Three geographic features in the upper Cayoosh are named for the Phair/Eyre family of Lillooet: Cerise Creek, Caspar Creek and Mount Caspar. Haylmore Creek and Haylmore Peak in the adjacent Cayoosh Range are named for another branch of this extended family.
Cerise Armit Eyre, born on Corfu in 1854, was one of five children born to Captain John and Maria Josephine (Ballingal) Eyre, an Anglo-Irish military family.
Captain Eyre died in Australia and his wife remarried Captain John Martley to emigrate to the new colony of British Columbia in 1861. Maria’s children by Eyre were left in the care of her father.
The Martleys settled near Lillooet to create a farming estate close to Pavilion that came to be called’ The Grange’ where they raised 3 children of their own.
In the latter 1870s, Maria’s two daughters by her first marriage, Cerise and Mary, joined their mother and step-father on The Grange.
Caspar Phair, born 1846 in Ireland, arrived in BC in 1873 by way of California. Landing at Yale, he travelled on foot to Lillooet and took up a teaching position which he held for the next seven years.
In 1878, he became a Government Agent—an amalgamation of several roles including magistrate, Chief Constable, coroner, fire chief, game warden etc. A secure sinecure ensuring a regular income.
Caspar Phair and Cerise Eyre were married in 1879, and their first son, Arthur William Armit (A.W.A. ) Phair, was born in 1880. A few years later, on a large assembled property within the original R.E. town plan, the Phairs had constructed what remains the town’s finest piece of heritage architecture and which became named, with some Irish connection, “Longford House.”
In 1887, Cerise purchased the town’s largest general store, and the Phairs were well ensconced within the village’s compact “establishment.”
A.W.A. (Artie) Phair was a prolific early photographer of the Lillooet/Bridge River region, leaving behind an impressive collection documenting the early settlement/development era.
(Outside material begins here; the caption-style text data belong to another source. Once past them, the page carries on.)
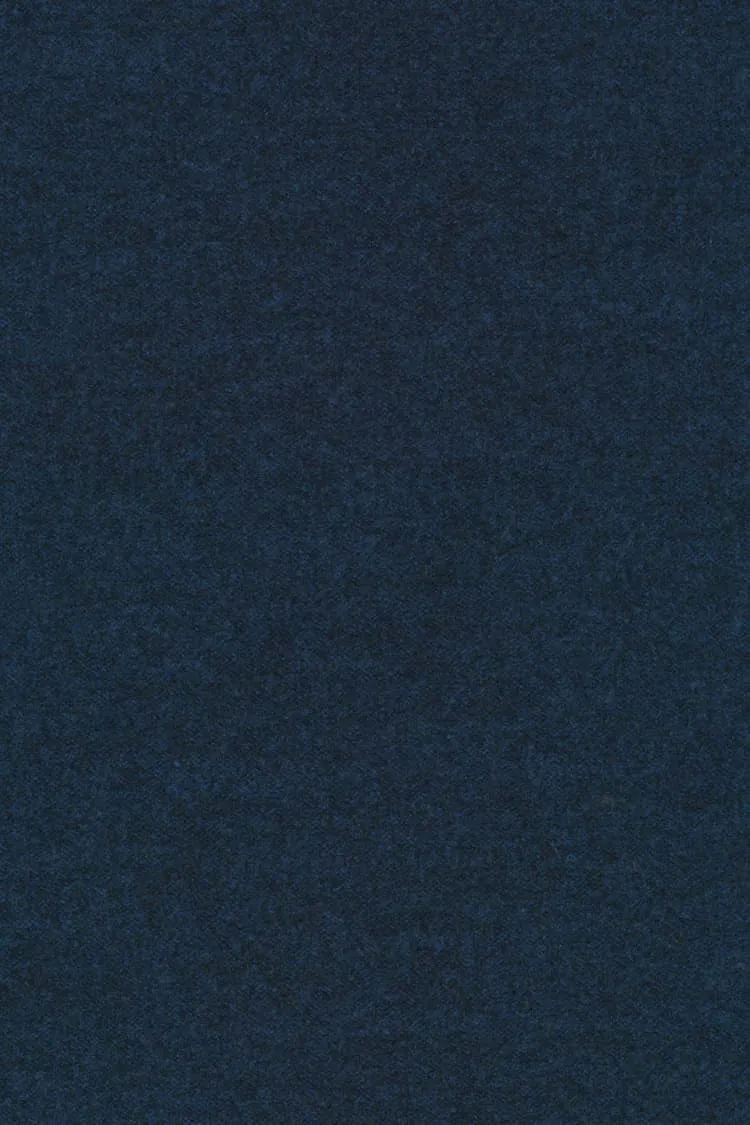 Ткань Kvadrat Hero Heather by Patricia Urquiola 1024_C0773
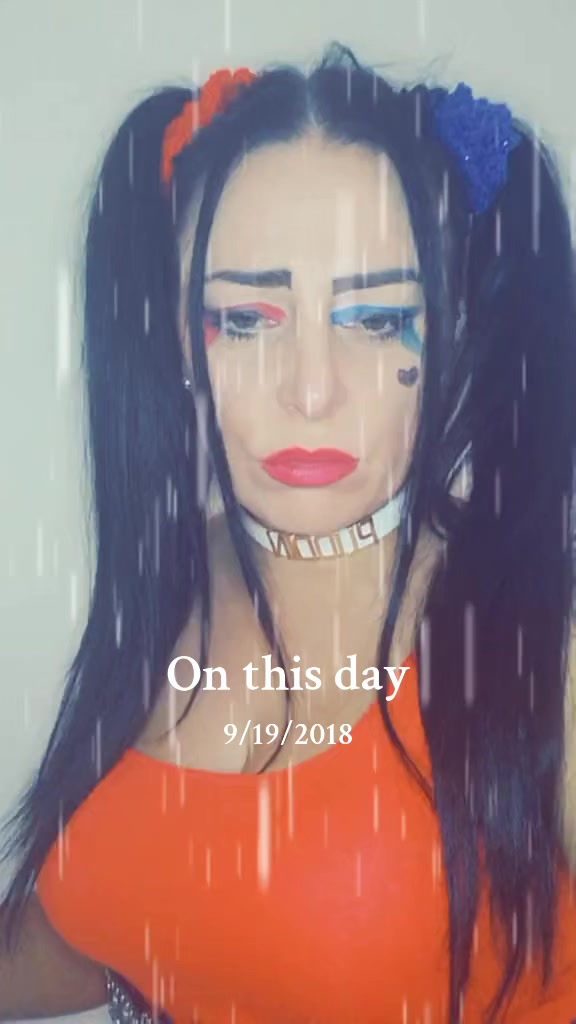 @bonbonbrunette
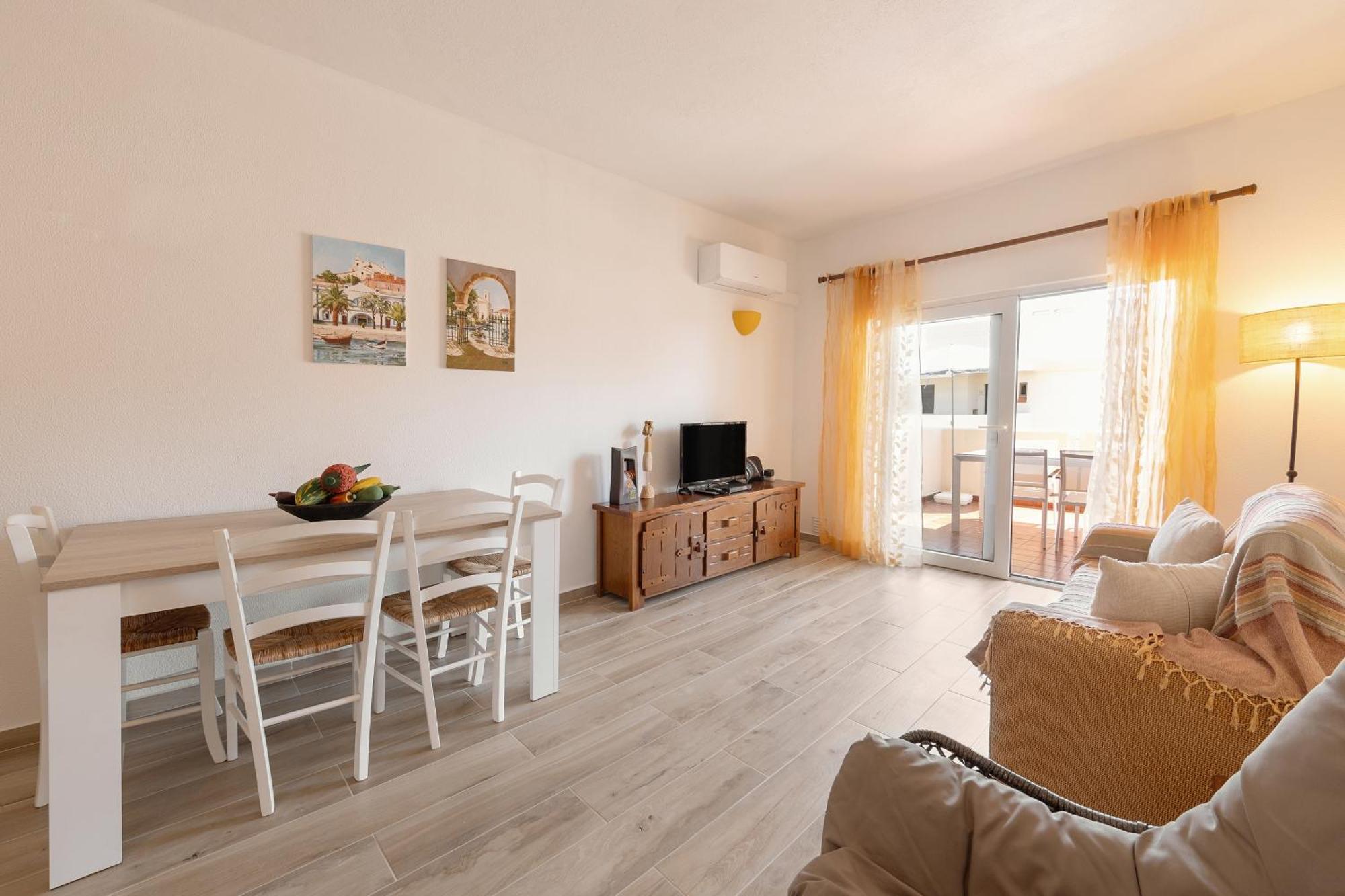 Superb Wow View - Beach 200 Mts - Center 10 Min W. Lagos Exteriör bild
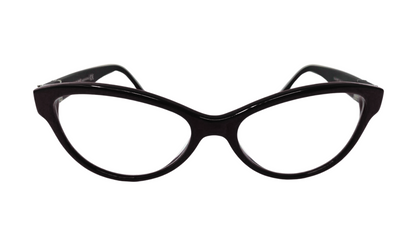 Roberto Cavalli Tahaa 686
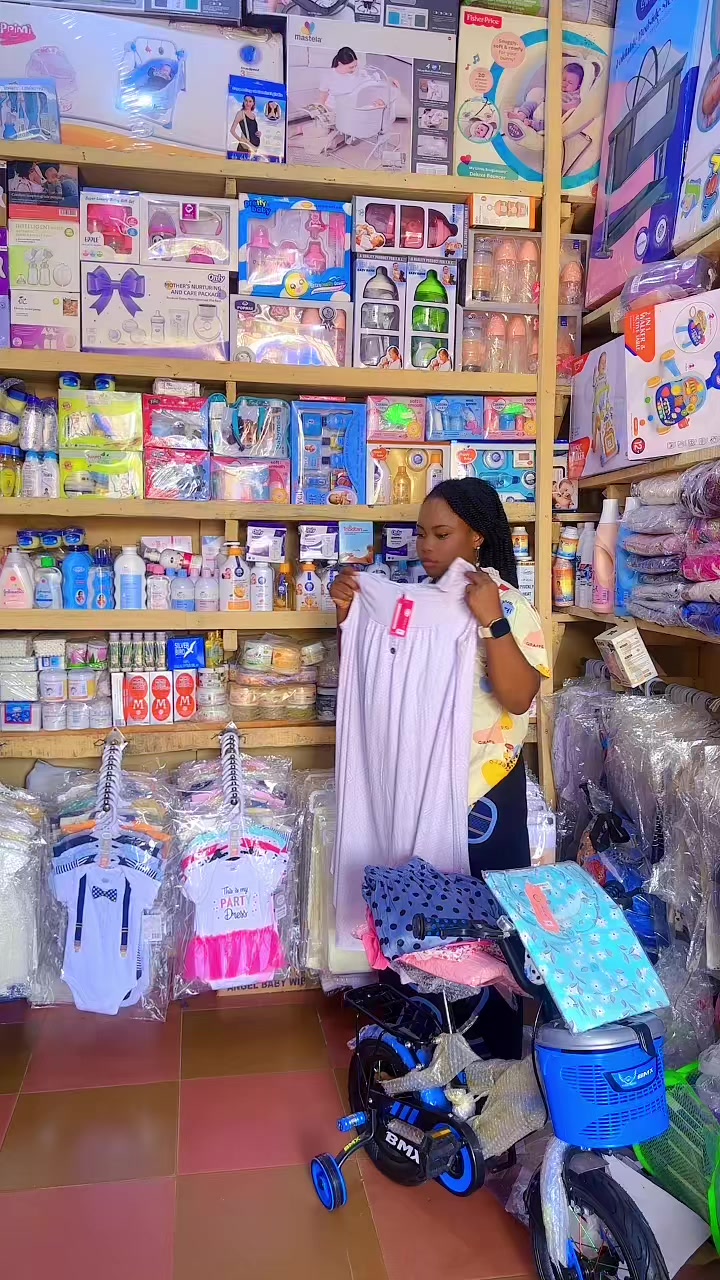 @seunfunmi_3105(ijebuode, Ogun)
Artie was known to be a great and competitive walker—in one instance hiking the Duffey trail through the Cayoosh drainage. This was probably when the toponyms “Cerise” and “Caspar” became affixed to the landscape, honouring his parent’s memory. There is a generous scattering of the Phair toponym over features in the Lillooet area—in addition to the upper Cayoosh see Phair Creek, Phair lake, Phair Flat, and Armit Spring.